## Task prompt
Your answer should hold exactly the lines below from the line with "Used 2025 Lexus IS 350 F Sport RWD image 26" through the line with "Caribbean Lifestyle –", both included, and no pictures at all.

## Data provided
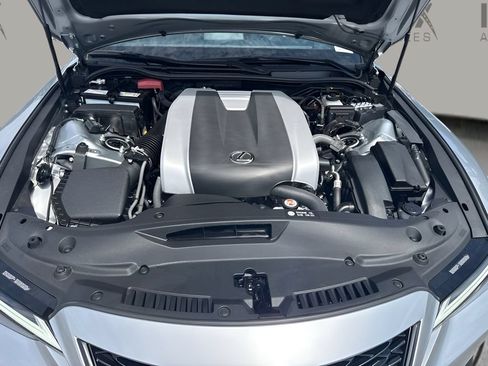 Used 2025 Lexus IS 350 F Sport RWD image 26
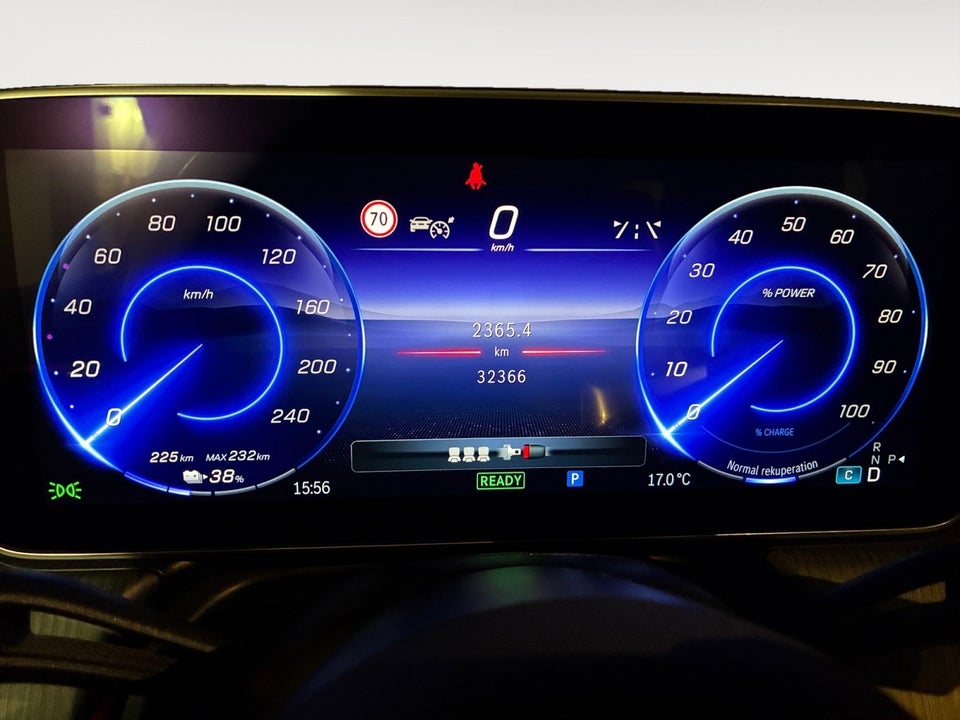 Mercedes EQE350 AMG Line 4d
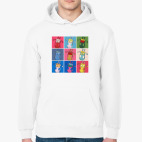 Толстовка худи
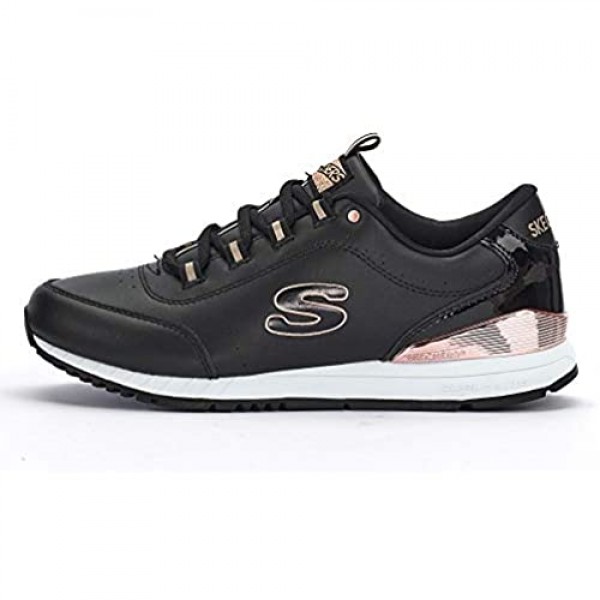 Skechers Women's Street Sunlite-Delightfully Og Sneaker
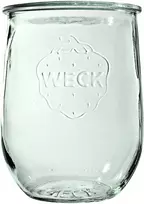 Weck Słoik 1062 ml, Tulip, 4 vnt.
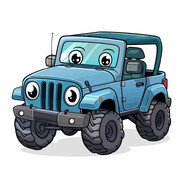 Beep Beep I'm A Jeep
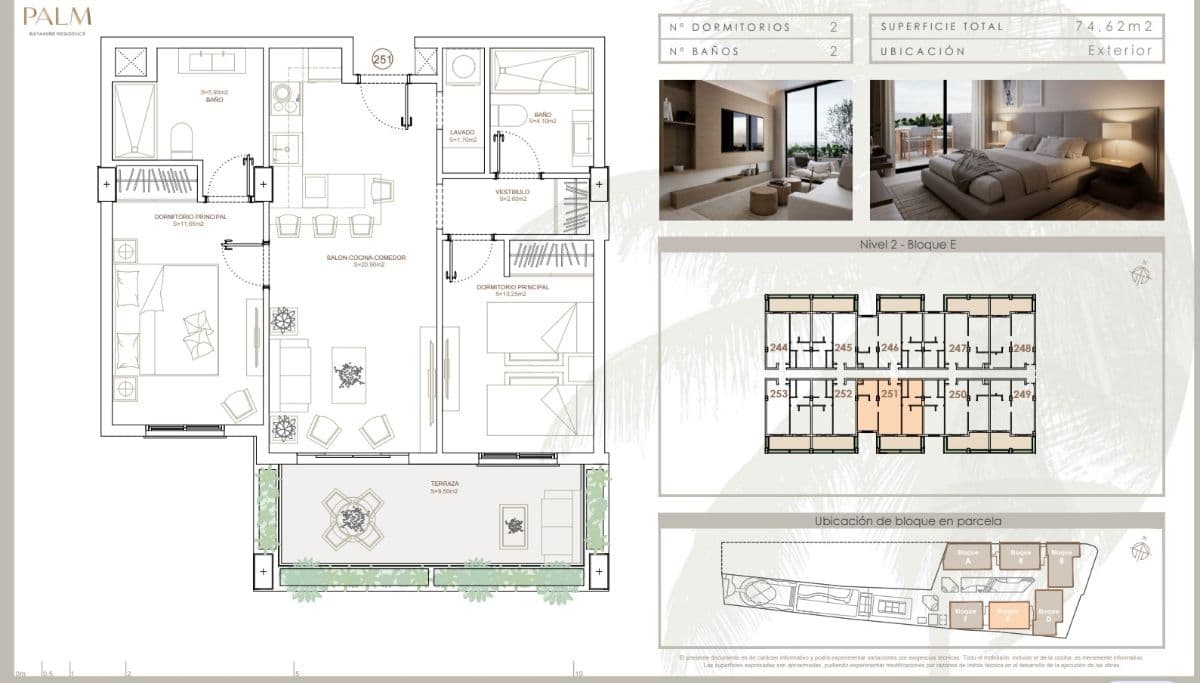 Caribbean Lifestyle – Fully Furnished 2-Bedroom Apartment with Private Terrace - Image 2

==

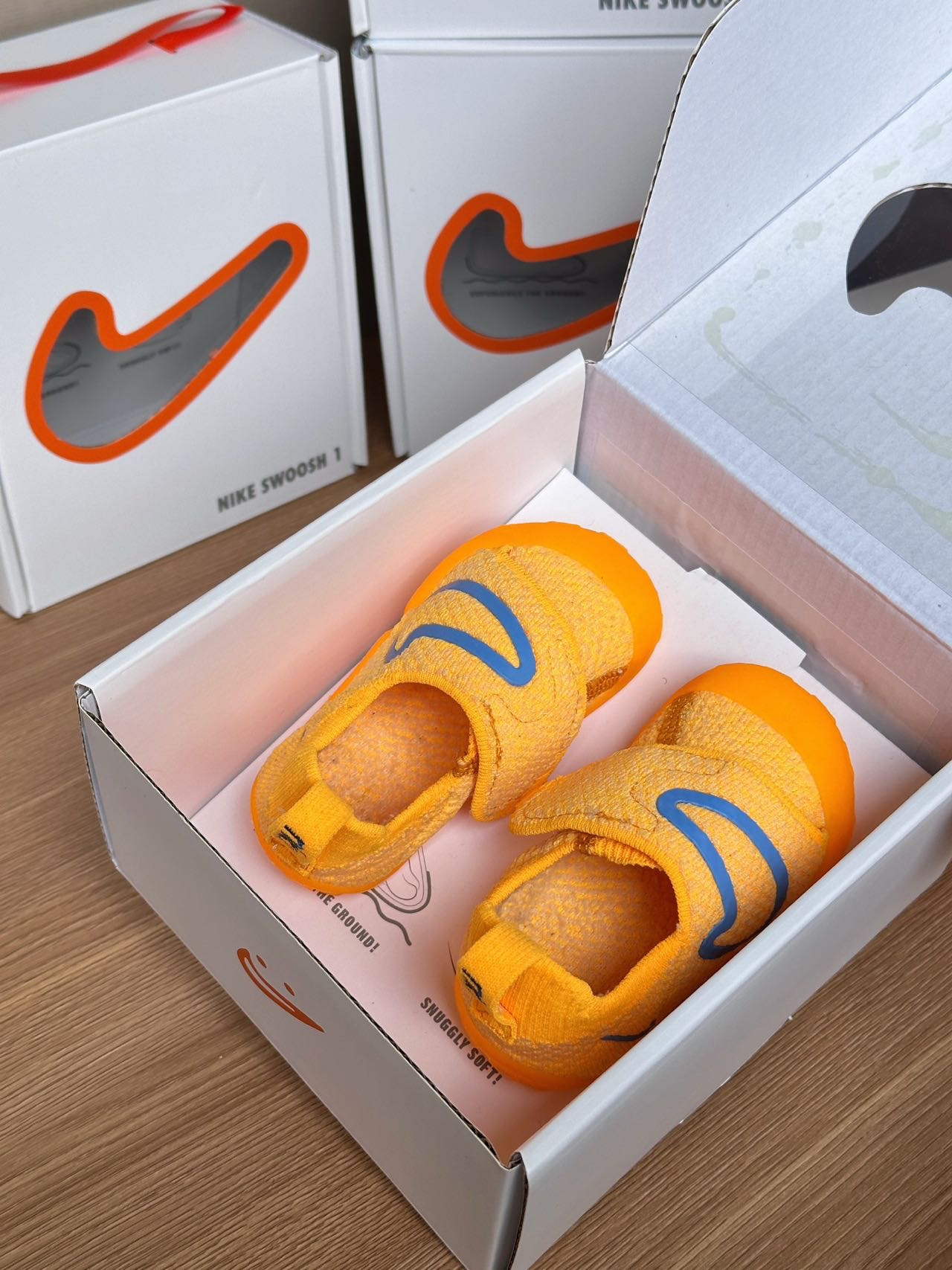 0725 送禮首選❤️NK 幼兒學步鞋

---

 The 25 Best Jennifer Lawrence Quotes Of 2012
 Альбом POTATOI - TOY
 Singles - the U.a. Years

## Expected output
 Used 2025 Lexus IS 350 F Sport RWD image 26
 Mercedes EQE350 AMG Line 4d
 Толстовка худи
 Skechers Women's Street Sunlite-Delightfully Og Sneaker
 Weck Słoik 1062 ml, Tulip, 4 vnt.
 Beep Beep I'm A Jeep
 Caribbean Lifestyle – Fully Furnished 2-Bedroom Apartment with Private Terrace - Image 2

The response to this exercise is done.